[Brief descriptive captions]

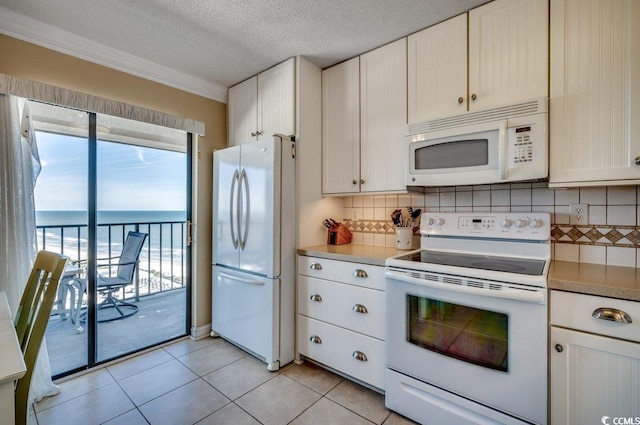 kitchen with white appliances, a water view, a textured ceiling, light tile patterned flooring, and decorative backsplash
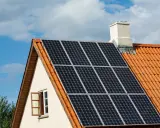 Solceller på ett tegeltak. En öppen fönsterlucka syns på husets gavel. Vissa oroar sig för solceller brandrisk.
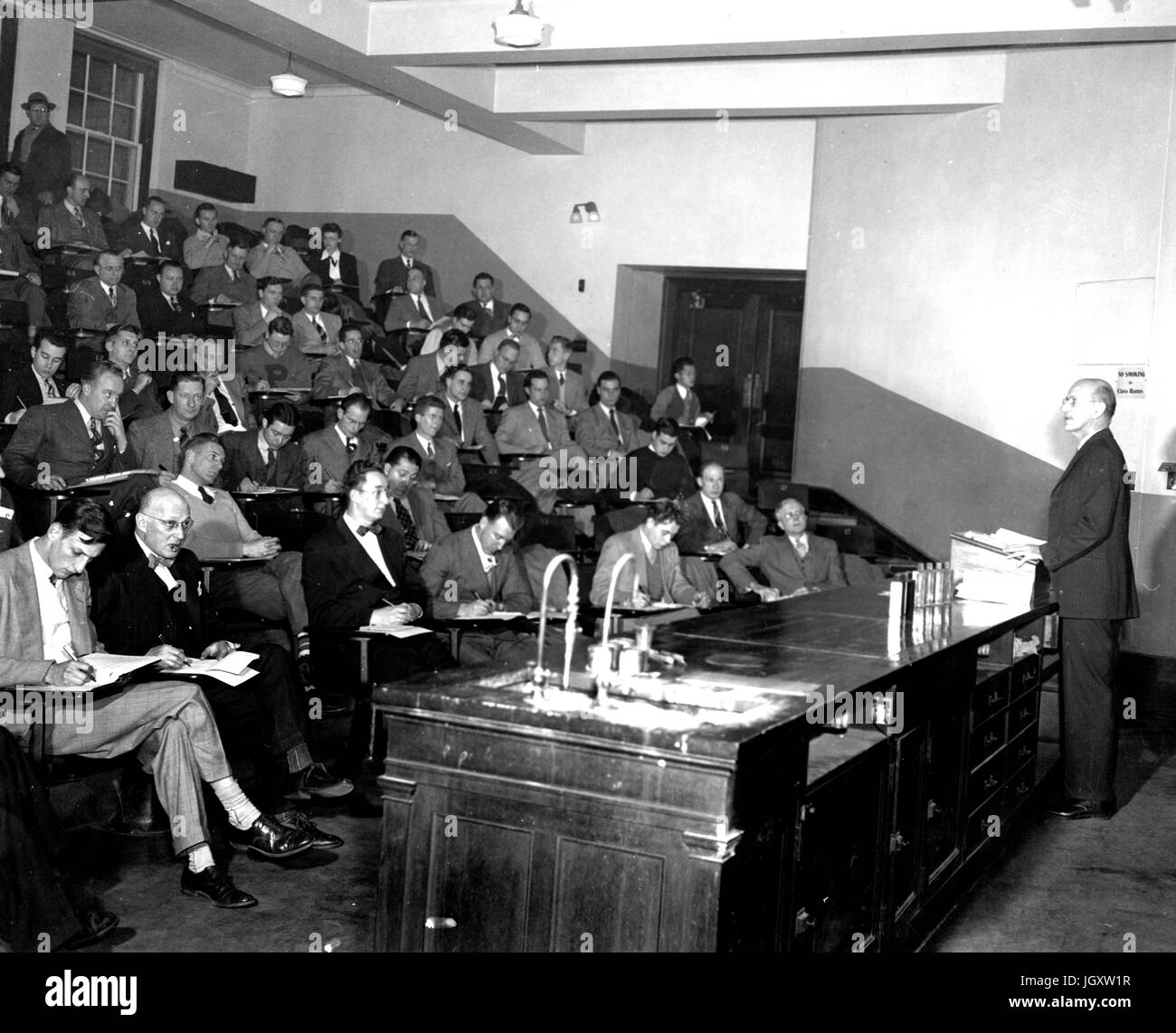 Ein Abendkurs Hochschule Johns-Hopkins-Universität befindet sich in einem Hörsaal Heften Notizen als Professor an der Vorderseite des Raumes einen Vortrag, 1930 steht. Stockfoto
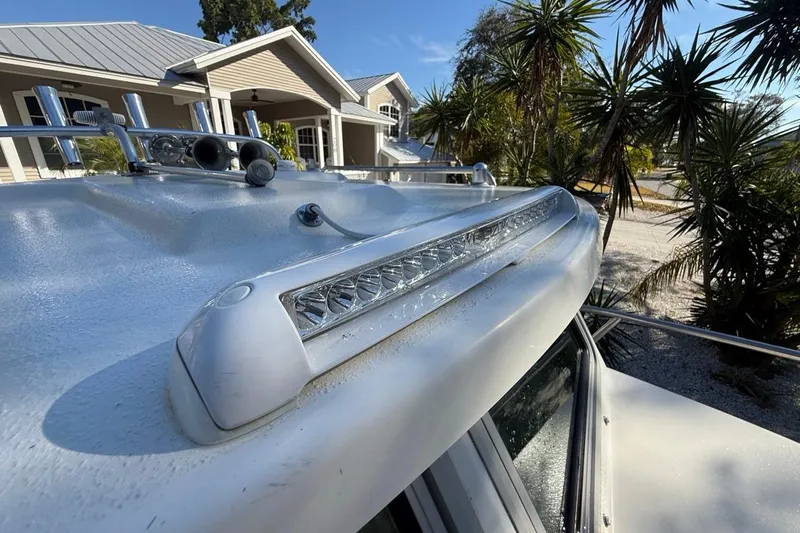 Slide: The Image of 2020 Parker 2320 SL Sport Cabin boat with open cabin door and steering wheel. - 28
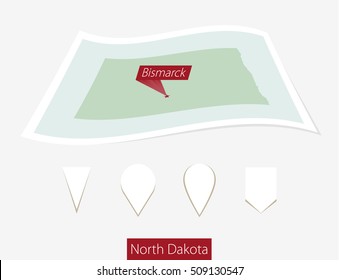 Curved paper map of North Dakota state with capital Bismarck on Gray Background. Four different Map pin set. Vector Illustration.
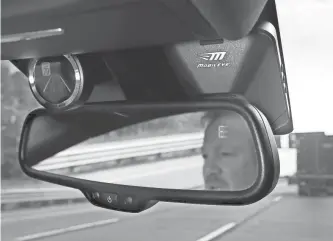  ?? ASSOCIATED PRESS ?? A Mobileye camera system, mounted behind the rearview mirror, can monitor speed limits and warn drivers of potential collisions. The system can be added to older cars.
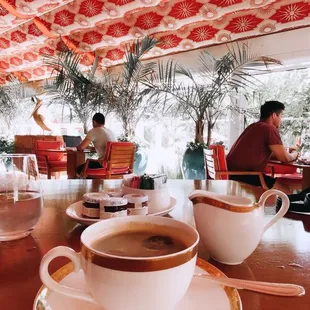 two cups of coffee on a table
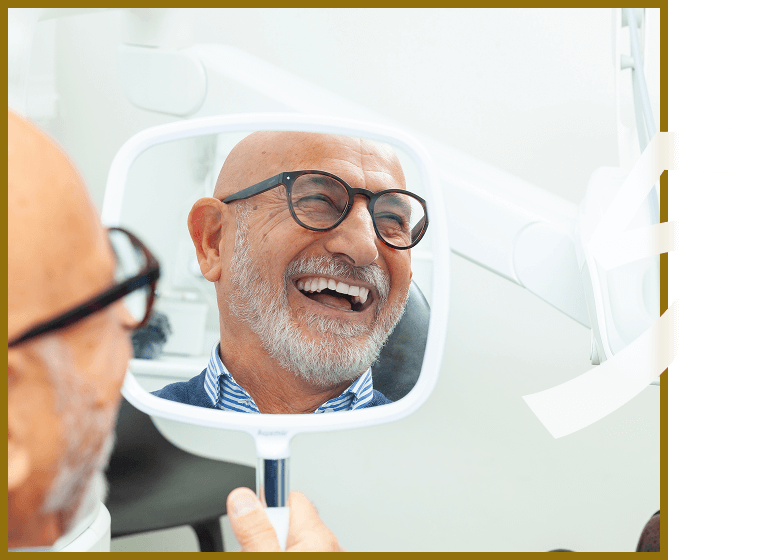 senior man smiling in mirror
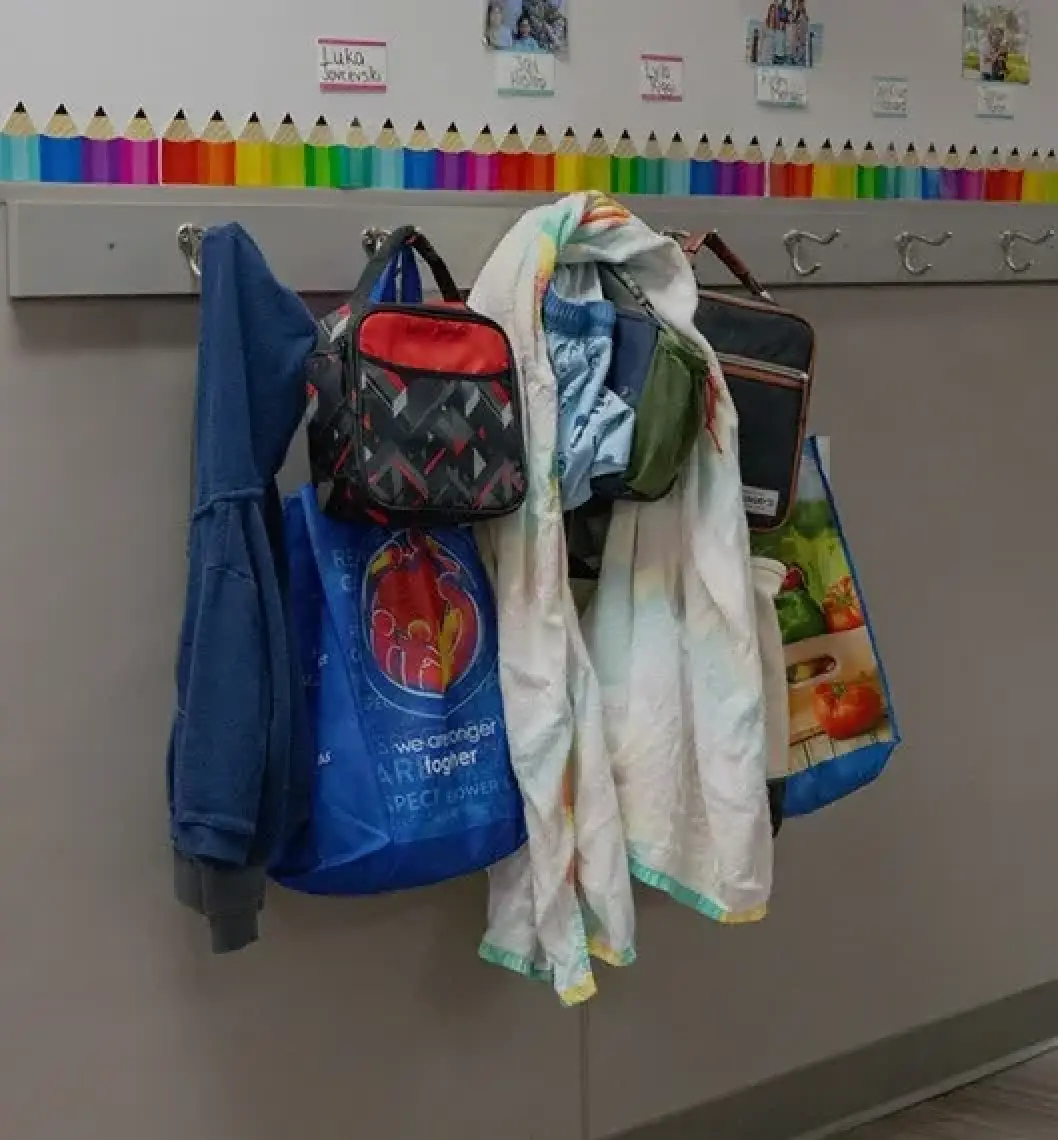 Childrens jackets, bags, and lunchboxes hang from hooks below a colorful border in a classroom.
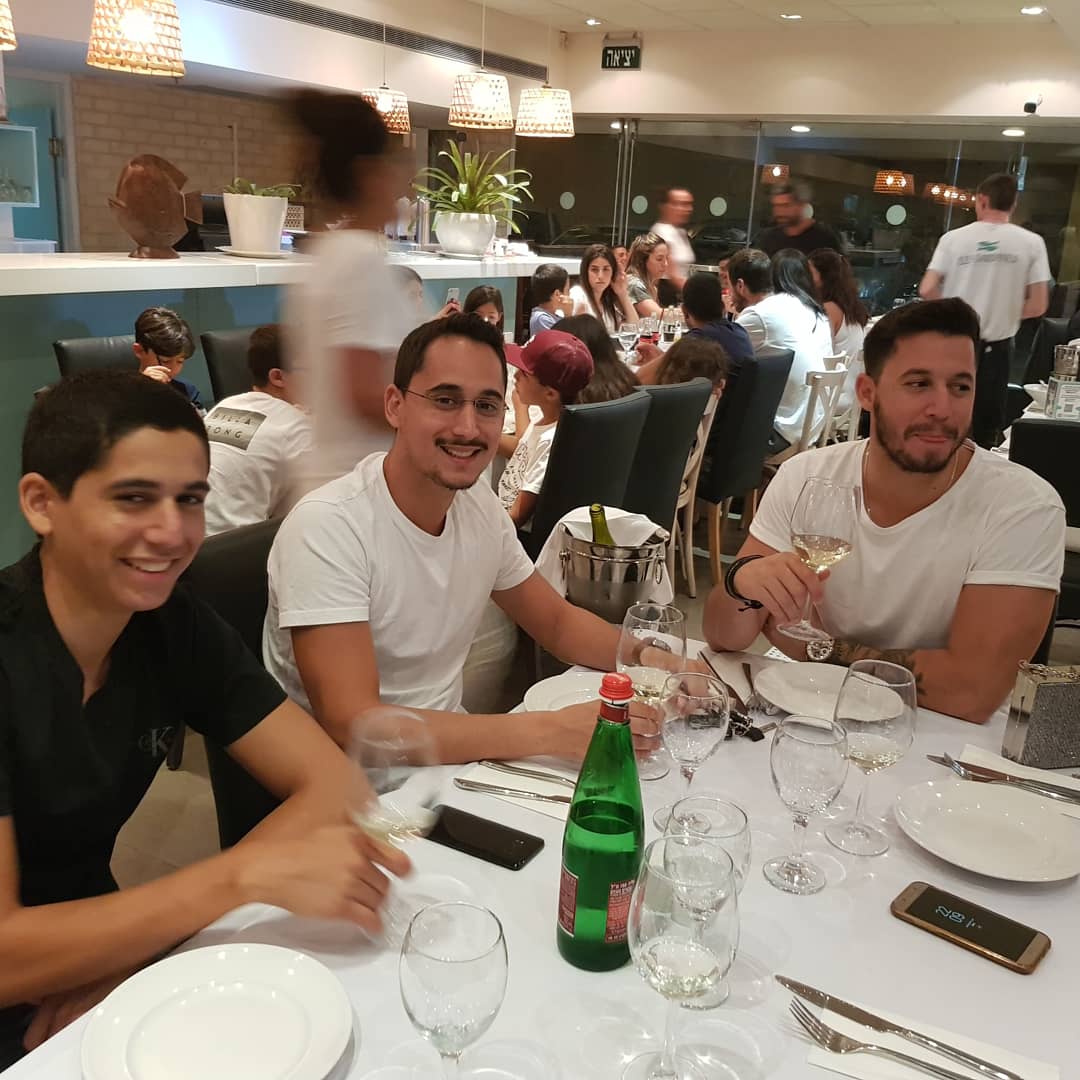 תמיר ושני צעירים נוספים יושבים ליד שולחן במסעדה ומחייכים, כוסות יין על השולחן.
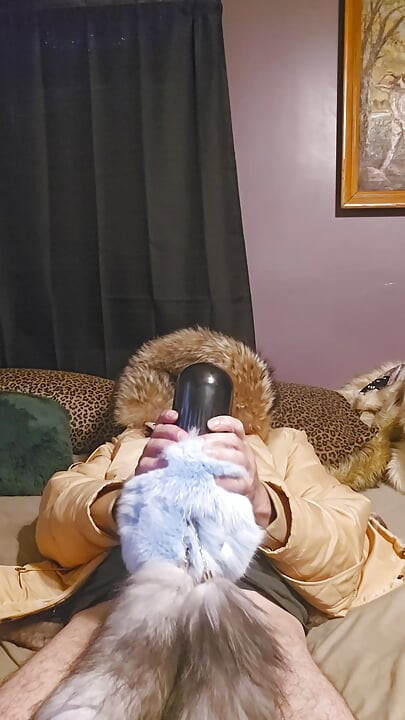 In my big furry hood using penis pump wrapped in furs and tails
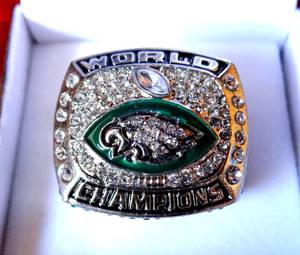 lot 259 image: 2017 PHILADELPHIA EAGLES SUPERBOWL CHAMPIONSHIP RING IN CUSTOM WOOD BOX - NICK FOLES EDITION $$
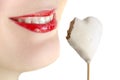 Lips smiling with heart-shape cookie isolated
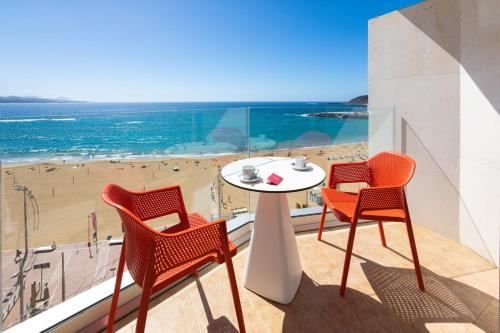 a dining room table and chairs at the beach at Hotel Cristina by Tigotan Las Palmas - Adults Only in Las Palmas de Gran Canaria
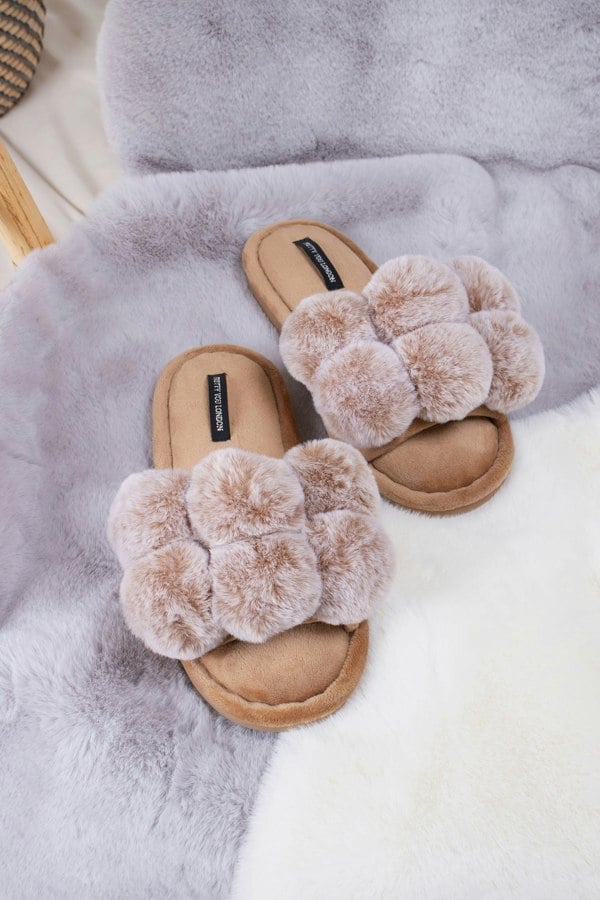 Dolly women's slider slippers in caramel with oversized faux fur pom poms from Pretty You London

# INSTRUCTIONS TO FOLLOW
Exact copy, pictures excluded: every line above from the one containing "Solceller på ett" to the one containing "Lips smiling with", inclusive, and nothing more.

# THE COMPLETED TASK
 Solceller på ett tegeltak. En öppen fönsterlucka syns på husets gavel. Vissa oroar sig för solceller brandrisk.
 Ein Abendkurs Hochschule Johns-Hopkins-Universität befindet sich in einem Hörsaal Heften Notizen als Professor an der Vorderseite des Raumes einen Vortrag, 1930 steht. Stockfoto
 Slide: The Image of 2020 Parker 2320 SL Sport Cabin boat with open cabin door and steering wheel. - 28
 Curved paper map of North Dakota state with capital Bismarck on Gray Background. Four different Map pin set. Vector Illustration.
  ?? ASSOCIATED PRESS ?? A Mobileye camera system, mounted behind the rearview mirror, can monitor speed limits and warn drivers of potential collisions. The system can be added to older cars.
 two cups of coffee on a table
 senior man smiling in mirror
 Childrens jackets, bags, and lunchboxes hang from hooks below a colorful border in a classroom.
 תמיר ושני צעירים נוספים יושבים ליד שולחן במסעדה ומחייכים, כוסות יין על השולחן.
 In my big furry hood using penis pump wrapped in furs and tails
 lot 259 image: 2017 PHILADELPHIA EAGLES SUPERBOWL CHAMPIONSHIP RING IN CUSTOM WOOD BOX - NICK FOLES EDITION $$
 Lips smiling with heart-shape cookie isolated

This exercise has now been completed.